[WORK ORDER] Among the entries below, take the line with "White Frost Tricoat" and the line with "电焊:507角立焊,3.2电流运条匀速,熔池宽窄一致不能咬伤母材", and output them and every line between them exactly, with nothing else.

(Caption-style text data)
——————————

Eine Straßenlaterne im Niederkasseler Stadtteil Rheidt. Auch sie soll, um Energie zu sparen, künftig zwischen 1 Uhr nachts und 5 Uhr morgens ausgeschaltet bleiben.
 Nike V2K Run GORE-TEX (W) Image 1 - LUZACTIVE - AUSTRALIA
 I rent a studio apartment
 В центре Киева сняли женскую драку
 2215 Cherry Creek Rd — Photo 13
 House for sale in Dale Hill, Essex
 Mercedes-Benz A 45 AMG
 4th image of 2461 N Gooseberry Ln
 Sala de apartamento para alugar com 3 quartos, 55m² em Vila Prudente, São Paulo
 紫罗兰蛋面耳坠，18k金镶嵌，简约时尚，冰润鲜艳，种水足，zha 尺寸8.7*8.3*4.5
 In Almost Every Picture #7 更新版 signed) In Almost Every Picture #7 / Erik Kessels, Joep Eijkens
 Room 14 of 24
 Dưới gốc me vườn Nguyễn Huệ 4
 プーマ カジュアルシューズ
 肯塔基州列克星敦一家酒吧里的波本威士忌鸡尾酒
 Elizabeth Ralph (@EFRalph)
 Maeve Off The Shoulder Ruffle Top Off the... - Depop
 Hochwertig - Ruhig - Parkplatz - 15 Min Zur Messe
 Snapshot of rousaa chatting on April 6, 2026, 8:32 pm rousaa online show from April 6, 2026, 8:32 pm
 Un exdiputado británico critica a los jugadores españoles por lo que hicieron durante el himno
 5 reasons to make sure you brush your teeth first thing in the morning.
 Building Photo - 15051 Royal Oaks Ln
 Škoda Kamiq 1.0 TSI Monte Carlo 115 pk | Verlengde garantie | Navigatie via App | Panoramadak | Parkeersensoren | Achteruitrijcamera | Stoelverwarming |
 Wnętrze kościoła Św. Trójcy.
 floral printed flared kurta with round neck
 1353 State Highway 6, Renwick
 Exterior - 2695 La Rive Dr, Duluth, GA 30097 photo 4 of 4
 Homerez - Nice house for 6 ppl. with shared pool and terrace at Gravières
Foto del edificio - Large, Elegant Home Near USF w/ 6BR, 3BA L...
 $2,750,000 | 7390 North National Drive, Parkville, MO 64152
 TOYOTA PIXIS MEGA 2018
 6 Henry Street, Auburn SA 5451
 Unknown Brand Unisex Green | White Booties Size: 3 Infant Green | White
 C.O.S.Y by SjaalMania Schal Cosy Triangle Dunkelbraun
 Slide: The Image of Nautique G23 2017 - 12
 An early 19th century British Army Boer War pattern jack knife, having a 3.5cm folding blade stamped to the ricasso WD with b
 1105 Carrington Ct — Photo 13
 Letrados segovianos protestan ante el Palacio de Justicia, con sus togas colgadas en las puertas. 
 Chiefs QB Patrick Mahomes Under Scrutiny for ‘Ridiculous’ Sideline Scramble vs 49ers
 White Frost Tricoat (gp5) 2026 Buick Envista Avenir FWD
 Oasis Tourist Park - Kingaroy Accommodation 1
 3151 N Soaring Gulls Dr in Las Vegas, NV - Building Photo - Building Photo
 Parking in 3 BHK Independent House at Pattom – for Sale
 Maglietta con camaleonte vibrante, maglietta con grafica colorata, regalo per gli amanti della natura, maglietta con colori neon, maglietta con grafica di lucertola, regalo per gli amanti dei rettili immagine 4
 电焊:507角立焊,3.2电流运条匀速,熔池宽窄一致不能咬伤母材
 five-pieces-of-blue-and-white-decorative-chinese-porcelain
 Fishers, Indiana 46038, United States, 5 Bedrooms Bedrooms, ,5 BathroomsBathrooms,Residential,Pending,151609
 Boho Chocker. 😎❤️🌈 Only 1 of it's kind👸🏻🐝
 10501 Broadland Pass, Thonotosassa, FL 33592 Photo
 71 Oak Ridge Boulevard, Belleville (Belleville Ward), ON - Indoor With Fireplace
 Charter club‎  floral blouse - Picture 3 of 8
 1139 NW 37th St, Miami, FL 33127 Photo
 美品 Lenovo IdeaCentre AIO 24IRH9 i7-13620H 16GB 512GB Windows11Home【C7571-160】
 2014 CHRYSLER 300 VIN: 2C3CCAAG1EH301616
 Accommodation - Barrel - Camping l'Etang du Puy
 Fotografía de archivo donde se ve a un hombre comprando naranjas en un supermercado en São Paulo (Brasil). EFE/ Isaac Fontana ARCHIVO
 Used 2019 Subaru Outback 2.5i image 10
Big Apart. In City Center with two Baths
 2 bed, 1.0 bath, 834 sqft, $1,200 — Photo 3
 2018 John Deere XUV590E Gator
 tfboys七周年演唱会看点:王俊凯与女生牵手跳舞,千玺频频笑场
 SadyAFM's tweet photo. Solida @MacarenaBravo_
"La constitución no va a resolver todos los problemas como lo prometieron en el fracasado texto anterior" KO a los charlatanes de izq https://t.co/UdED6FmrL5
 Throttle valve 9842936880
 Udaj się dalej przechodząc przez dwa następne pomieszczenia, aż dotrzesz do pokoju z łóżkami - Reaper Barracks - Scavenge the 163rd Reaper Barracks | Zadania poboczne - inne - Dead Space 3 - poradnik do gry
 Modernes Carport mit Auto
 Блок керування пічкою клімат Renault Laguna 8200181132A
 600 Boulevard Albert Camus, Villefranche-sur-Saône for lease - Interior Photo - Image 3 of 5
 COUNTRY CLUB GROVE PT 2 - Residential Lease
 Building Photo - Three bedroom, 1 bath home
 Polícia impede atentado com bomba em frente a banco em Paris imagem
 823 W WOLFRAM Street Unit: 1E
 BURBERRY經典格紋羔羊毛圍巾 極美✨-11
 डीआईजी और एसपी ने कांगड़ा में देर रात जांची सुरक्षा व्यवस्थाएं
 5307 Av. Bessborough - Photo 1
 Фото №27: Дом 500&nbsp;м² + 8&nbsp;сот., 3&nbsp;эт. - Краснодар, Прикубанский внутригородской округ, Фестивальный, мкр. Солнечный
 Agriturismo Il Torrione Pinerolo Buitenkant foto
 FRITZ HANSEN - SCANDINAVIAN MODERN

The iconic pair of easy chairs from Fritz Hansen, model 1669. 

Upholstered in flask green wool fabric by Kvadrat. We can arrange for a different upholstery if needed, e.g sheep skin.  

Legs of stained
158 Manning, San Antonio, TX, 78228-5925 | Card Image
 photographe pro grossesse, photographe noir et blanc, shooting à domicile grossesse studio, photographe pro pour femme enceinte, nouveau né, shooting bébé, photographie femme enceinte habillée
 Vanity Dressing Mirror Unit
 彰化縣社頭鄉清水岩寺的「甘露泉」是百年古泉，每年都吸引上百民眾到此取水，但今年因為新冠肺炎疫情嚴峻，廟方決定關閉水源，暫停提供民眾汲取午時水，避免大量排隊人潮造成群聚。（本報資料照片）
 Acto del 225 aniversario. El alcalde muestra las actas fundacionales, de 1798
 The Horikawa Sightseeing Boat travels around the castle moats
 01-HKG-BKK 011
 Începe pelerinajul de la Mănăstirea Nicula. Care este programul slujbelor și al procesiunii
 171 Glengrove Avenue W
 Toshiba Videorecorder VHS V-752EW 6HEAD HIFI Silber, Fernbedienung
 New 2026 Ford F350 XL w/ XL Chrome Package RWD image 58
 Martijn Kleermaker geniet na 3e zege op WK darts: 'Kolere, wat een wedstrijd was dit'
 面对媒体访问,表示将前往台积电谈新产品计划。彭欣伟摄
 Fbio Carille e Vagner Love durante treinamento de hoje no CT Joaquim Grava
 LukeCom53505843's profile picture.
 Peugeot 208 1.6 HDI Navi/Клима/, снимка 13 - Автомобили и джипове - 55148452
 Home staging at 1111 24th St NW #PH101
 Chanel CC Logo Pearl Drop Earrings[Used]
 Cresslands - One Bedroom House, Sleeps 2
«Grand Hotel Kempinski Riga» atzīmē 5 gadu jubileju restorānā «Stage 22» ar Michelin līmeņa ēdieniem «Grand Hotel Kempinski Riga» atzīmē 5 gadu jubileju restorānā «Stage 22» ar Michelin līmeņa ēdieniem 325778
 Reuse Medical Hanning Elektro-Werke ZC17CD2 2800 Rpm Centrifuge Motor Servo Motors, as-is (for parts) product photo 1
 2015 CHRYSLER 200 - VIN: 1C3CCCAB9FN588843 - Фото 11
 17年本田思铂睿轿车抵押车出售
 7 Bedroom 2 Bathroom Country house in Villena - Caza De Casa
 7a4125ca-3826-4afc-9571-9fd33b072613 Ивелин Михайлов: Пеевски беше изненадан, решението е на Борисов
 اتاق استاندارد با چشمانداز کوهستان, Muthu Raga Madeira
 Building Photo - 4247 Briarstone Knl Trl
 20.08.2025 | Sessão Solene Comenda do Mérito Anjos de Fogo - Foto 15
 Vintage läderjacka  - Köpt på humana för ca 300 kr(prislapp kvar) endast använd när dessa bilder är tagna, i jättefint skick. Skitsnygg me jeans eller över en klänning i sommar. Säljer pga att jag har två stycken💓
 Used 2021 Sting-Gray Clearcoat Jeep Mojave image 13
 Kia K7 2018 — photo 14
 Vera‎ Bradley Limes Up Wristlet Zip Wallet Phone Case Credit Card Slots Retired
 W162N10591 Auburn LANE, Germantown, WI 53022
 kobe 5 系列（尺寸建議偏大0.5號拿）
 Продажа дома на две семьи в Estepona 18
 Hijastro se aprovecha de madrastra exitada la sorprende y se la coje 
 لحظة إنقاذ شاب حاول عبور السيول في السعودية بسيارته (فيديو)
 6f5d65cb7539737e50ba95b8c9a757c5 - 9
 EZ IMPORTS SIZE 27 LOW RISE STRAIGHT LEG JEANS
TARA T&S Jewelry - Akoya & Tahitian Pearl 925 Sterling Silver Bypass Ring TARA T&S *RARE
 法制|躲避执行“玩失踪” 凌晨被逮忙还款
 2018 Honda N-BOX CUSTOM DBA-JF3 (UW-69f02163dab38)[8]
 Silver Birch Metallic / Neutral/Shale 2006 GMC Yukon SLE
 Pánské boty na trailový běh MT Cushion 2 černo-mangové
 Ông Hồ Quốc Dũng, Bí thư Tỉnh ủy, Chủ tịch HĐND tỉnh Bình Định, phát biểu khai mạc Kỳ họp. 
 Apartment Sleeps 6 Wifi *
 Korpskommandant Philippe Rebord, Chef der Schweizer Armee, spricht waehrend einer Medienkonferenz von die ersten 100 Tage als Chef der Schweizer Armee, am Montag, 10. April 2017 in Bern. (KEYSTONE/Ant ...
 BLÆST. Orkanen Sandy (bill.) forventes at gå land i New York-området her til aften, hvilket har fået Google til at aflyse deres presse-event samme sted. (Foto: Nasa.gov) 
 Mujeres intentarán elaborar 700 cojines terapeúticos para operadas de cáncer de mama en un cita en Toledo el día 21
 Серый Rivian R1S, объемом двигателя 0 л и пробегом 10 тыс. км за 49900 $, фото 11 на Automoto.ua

——————————

[COMPLETED TASK]
 White Frost Tricoat (gp5) 2026 Buick Envista Avenir FWD
 Oasis Tourist Park - Kingaroy Accommodation 1
 3151 N Soaring Gulls Dr in Las Vegas, NV - Building Photo - Building Photo
 Parking in 3 BHK Independent House at Pattom – for Sale
 Maglietta con camaleonte vibrante, maglietta con grafica colorata, regalo per gli amanti della natura, maglietta con colori neon, maglietta con grafica di lucertola, regalo per gli amanti dei rettili immagine 4
 电焊:507角立焊,3.2电流运条匀速,熔池宽窄一致不能咬伤母材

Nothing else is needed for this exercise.